### AVAILABLE DATA
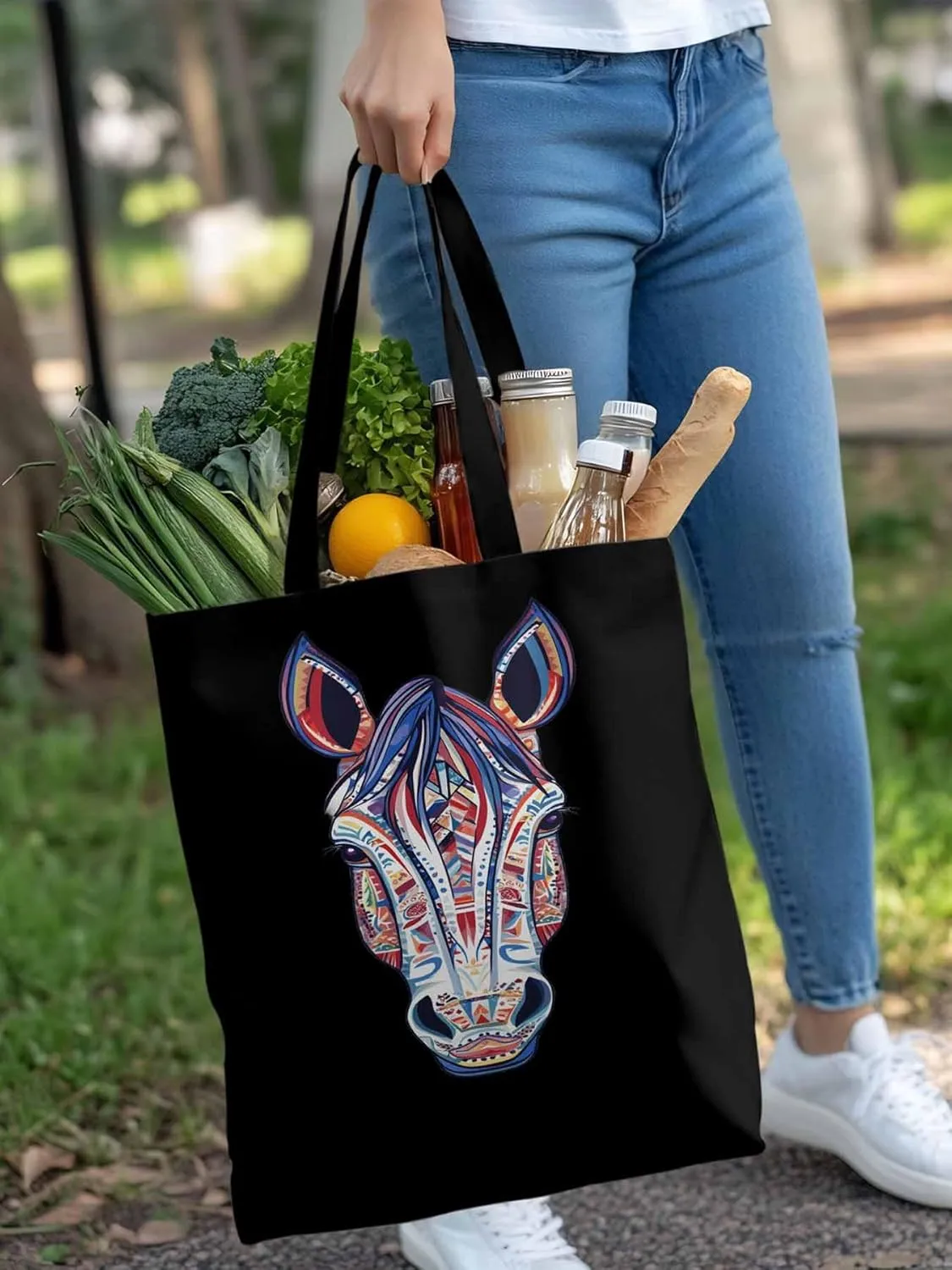 Canvas Tote Bag, Boho Purple Blue Horse patterned Canvas Tote Handbags for Women Shoulder Bag,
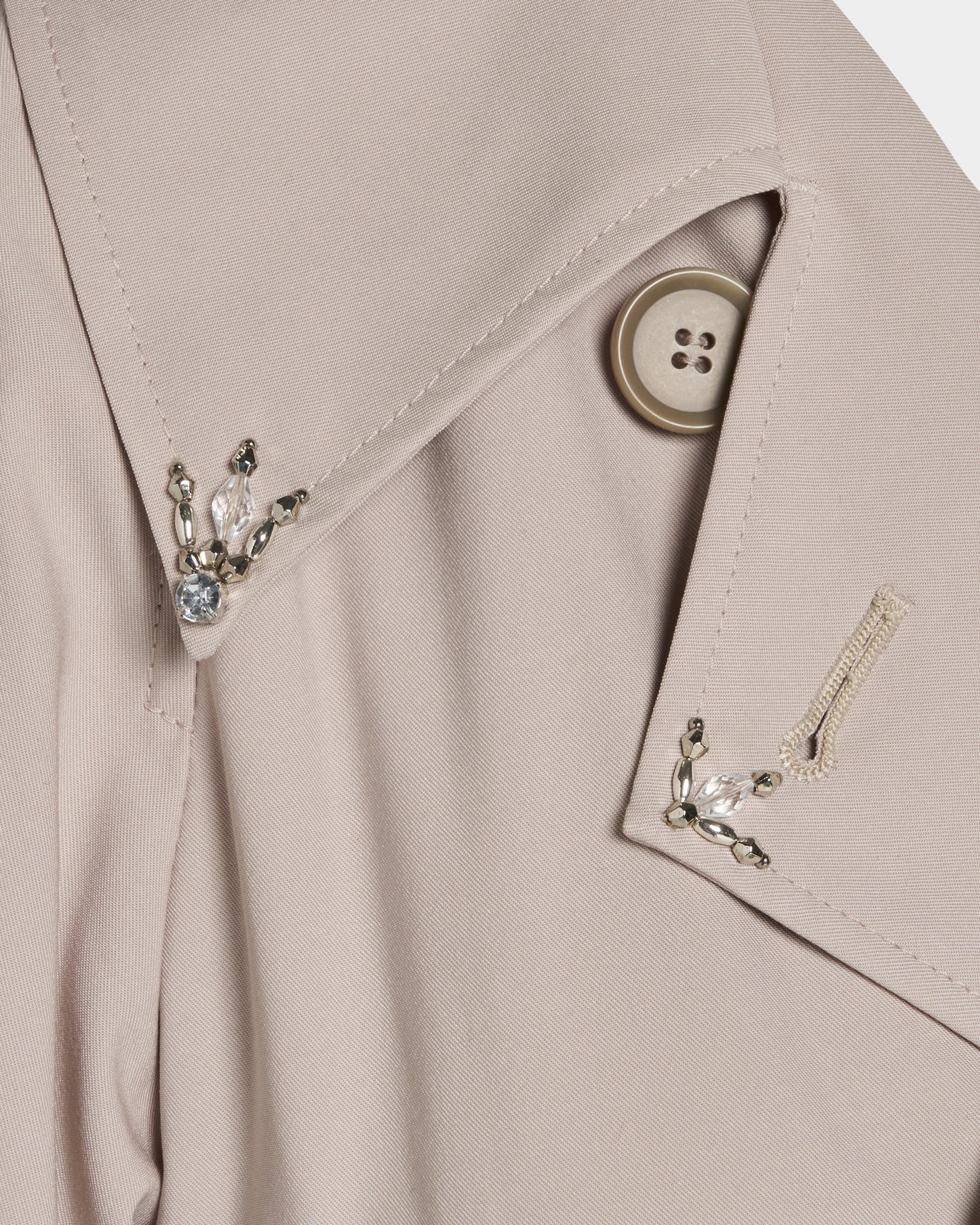 Beads epolette peplum trench jacket Beige【Delivery in January 2027】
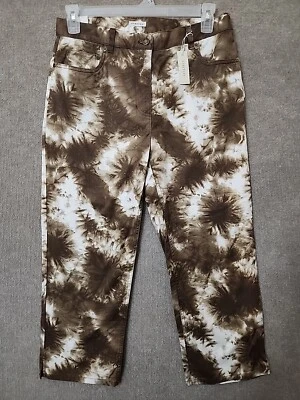 Jean Jones New York Sport Everyday Crop Mujer 10 Marrón Blanco Tye Die Stretch NUEVO Foto 1 de 4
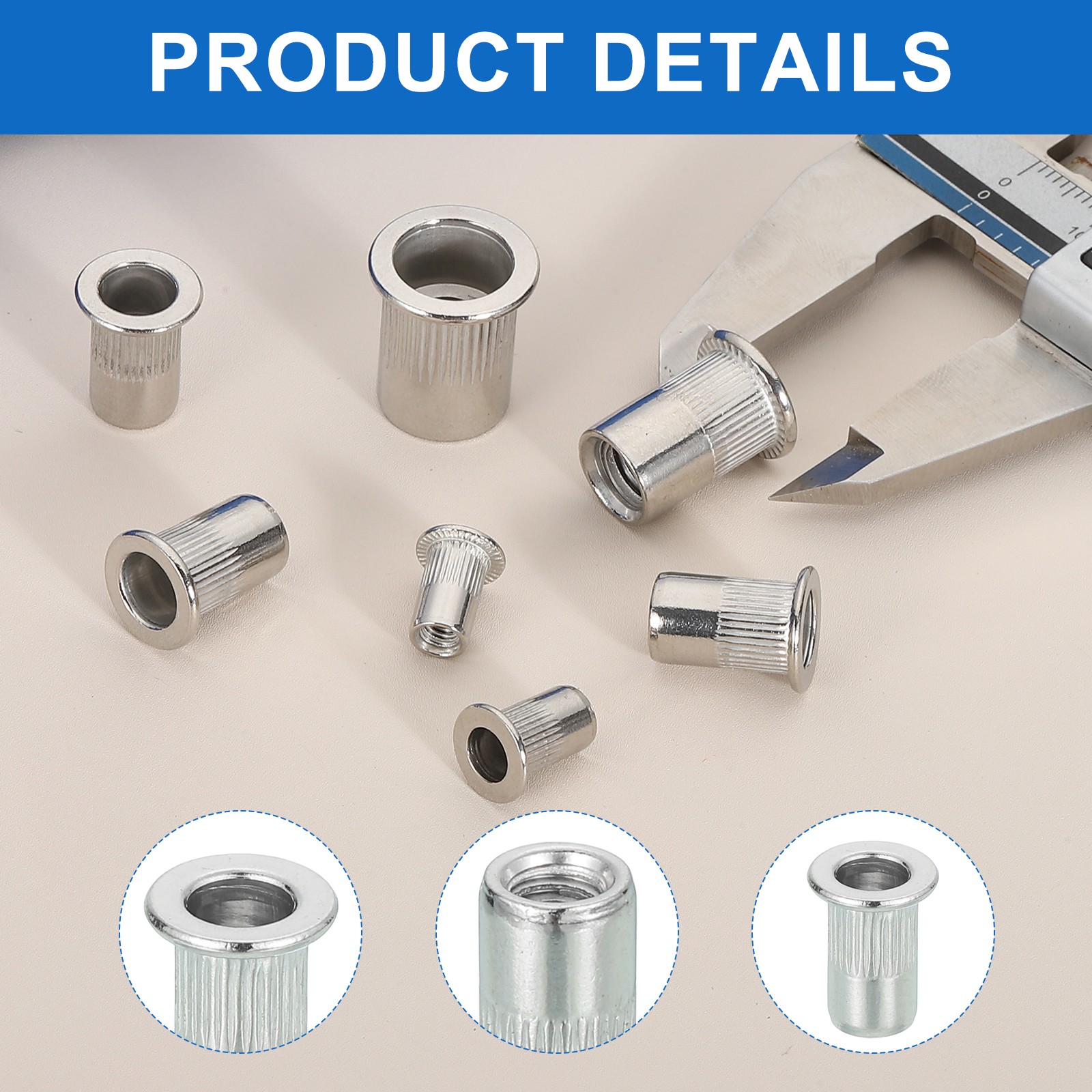 38Pcs M5 Rivet Nut 304 Stainless Steel Rivet Tool Hardware Nuts Silver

### PROMPT
Your reply should hold every line above exactly as written and none of the pictures.

### REPLY TO THE TASK
 Canvas Tote Bag, Boho Purple Blue Horse patterned Canvas Tote Handbags for Women Shoulder Bag,
 Beads epolette peplum trench jacket Beige【Delivery in January 2027】
 Jean Jones New York Sport Everyday Crop Mujer 10 Marrón Blanco Tye Die Stretch NUEVO Foto 1 de 4
 38Pcs M5 Rivet Nut 304 Stainless Steel Rivet Tool Hardware Nuts Silver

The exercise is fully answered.